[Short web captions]
<<<<

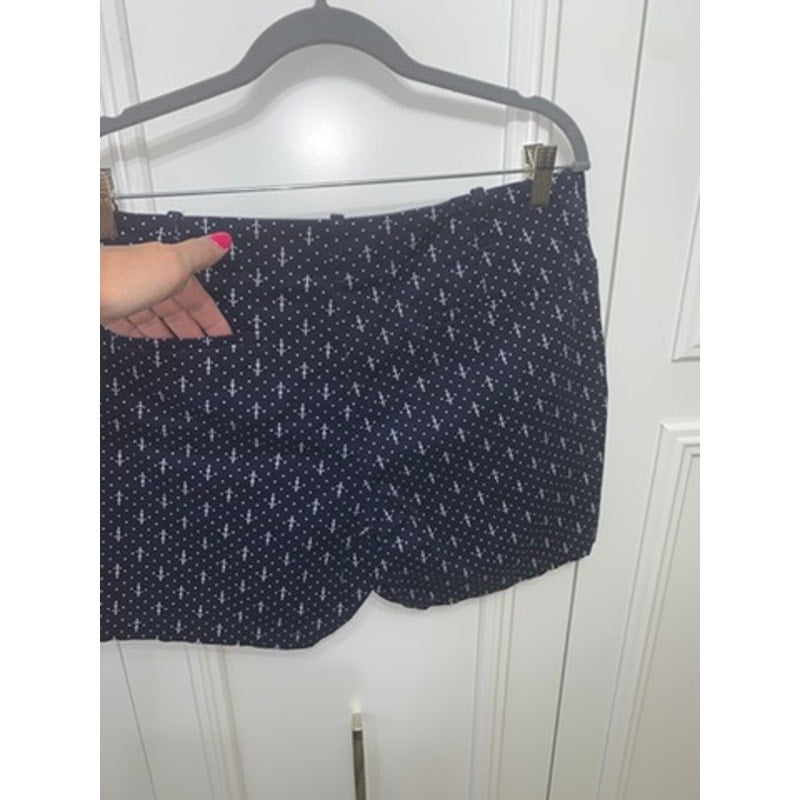 Talbots Women's Petite Size 14P Navy Anchor Print Bermuda Shorts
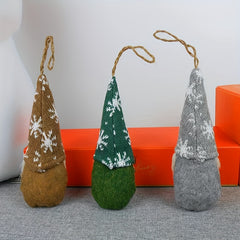 2pcs Christmas Tree Hanging Gnomes Plush Ornaments Santa Elf Decor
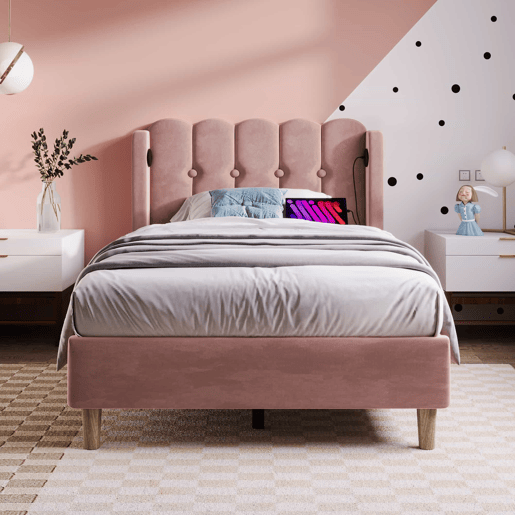 Cama estofada em veludo 90x200cm - com portas de carga e estrado de molas - Rosa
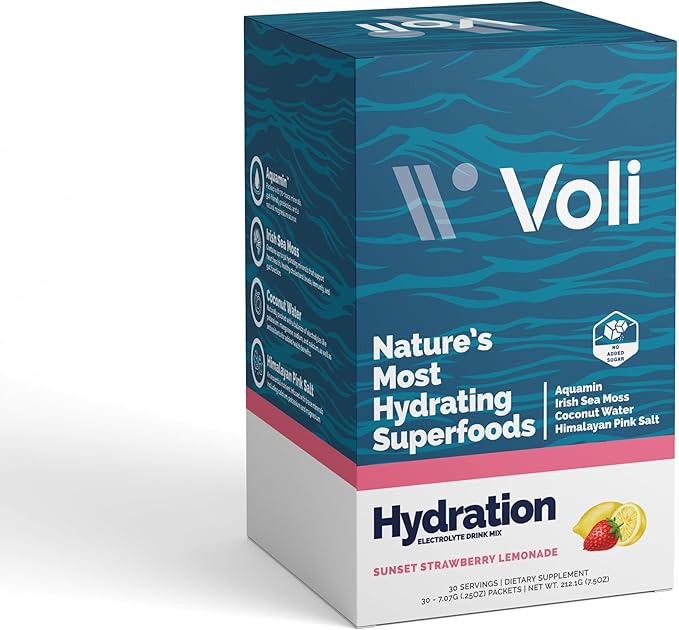 Voli Electrolytes Powder Packets | No Added Sugar Electrolyte Drink Mix for Hydration | Keto &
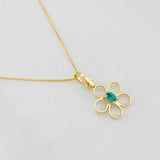 Set Cadena Veneciana + Dije Flor Esmeralda 0.05pts / 1.6g / 40cm Oro Amarillo 18K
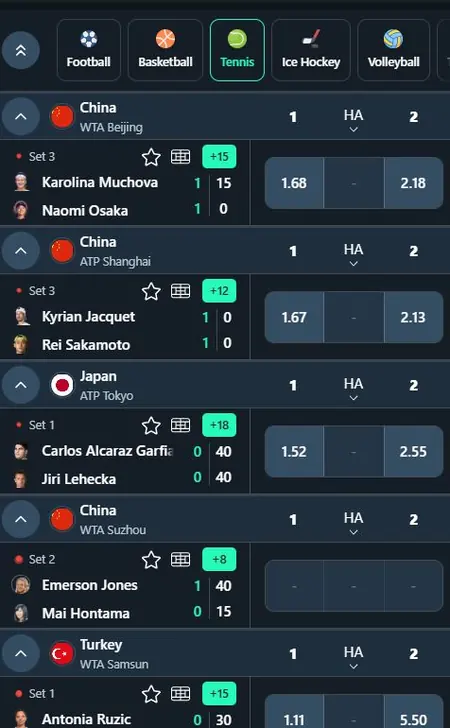 Spurbets live betting list with tennis matches, set scores, odds and green extra-market counters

>>>>

#### [Exercise details]
Write the lines from the one with "2pcs Christmas Tree" through the last line of the entries out again exactly, both ends included, and skip the pictures.

#### [Output of the exercise]
 2pcs Christmas Tree Hanging Gnomes Plush Ornaments Santa Elf Decor
 Cama estofada em veludo 90x200cm - com portas de carga e estrado de molas - Rosa
 Voli Electrolytes Powder Packets | No Added Sugar Electrolyte Drink Mix for Hydration | Keto &
 Set Cadena Veneciana + Dije Flor Esmeralda 0.05pts / 1.6g / 40cm Oro Amarillo 18K
 Spurbets live betting list with tennis matches, set scores, odds and green extra-market counters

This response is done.